A popular medium the CCPPD uses is YouTube which enables their hand-picked "frontier influencers" that push scripted narratives. These influencers are mainly China-based ethnic-minority influencers from troubled regions of Xinjiang, Tibet and Inner Mongolia, according to The Hong Kong Post report.
According to the same report, CCPPD has established media organisations abroad and trained journalists who are active members of the Belt and Road Media Cooperation Alliance/Union, the Belt and Road News Alliance, or other Belt and Road media networks that are connected to China actively to promote these narratives in order to change public behaviour and outlook towards the ideology being fed, e.g., Belt and Road Media Community, Belt and Road Journalists Network, Belt and Road News Network, or B&R TV Networks.

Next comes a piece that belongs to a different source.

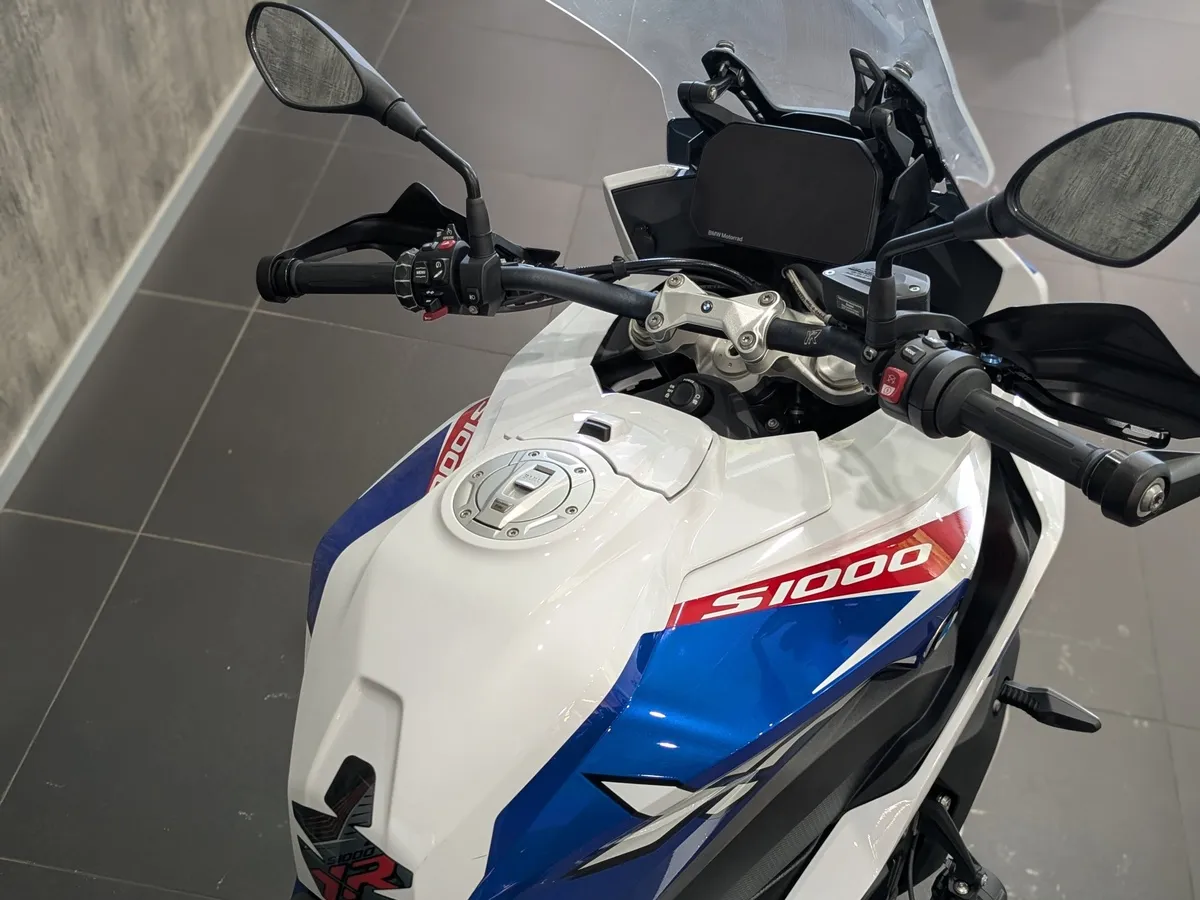 BMW Motorrad S 1000 XR S 1000 XR 999 см³ (165) 999 Белый в АВИЛОН. Слайд №3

Taiwan, Canada, Peru, Australia, Germany, the UK, the Philippines, Pakistan, and Cambodia, are among the top countries targeted by CCPPD's narratives
The CCPPD dispels propaganda around Uyghur's ethnocide and denies the existence of human rights abuses by trained reporters, journalists or commentators, frontier influencers, and even celebrities.
The media recently reported that people in China are venting out their frustration over the Chinese Communist Party (CCP) enforcing new internet and cyberspace laws to censor content that goes against the party's image.
There were huge protests in China in late November and early December this year.
The Chinese Cyberspace Administration has issued regulations for the mobile and app makers to stop updating or improving apps that can help in uploading and downloading data or pictures which creates problems for the Chinese regime, according to Voices Against Autocracy (VOA) a private, non-governmental news organisation based in Vienna, Austria.
Internet censorship and control is not new to China, which has imposed strict guidelines since the year 2000. The country's Ministry of Public Security launched the Golden Shield Project, a labyrinthine mechanism of censorship and surveillance aimed at restricting contents and identifying and locating individuals, according to VOA.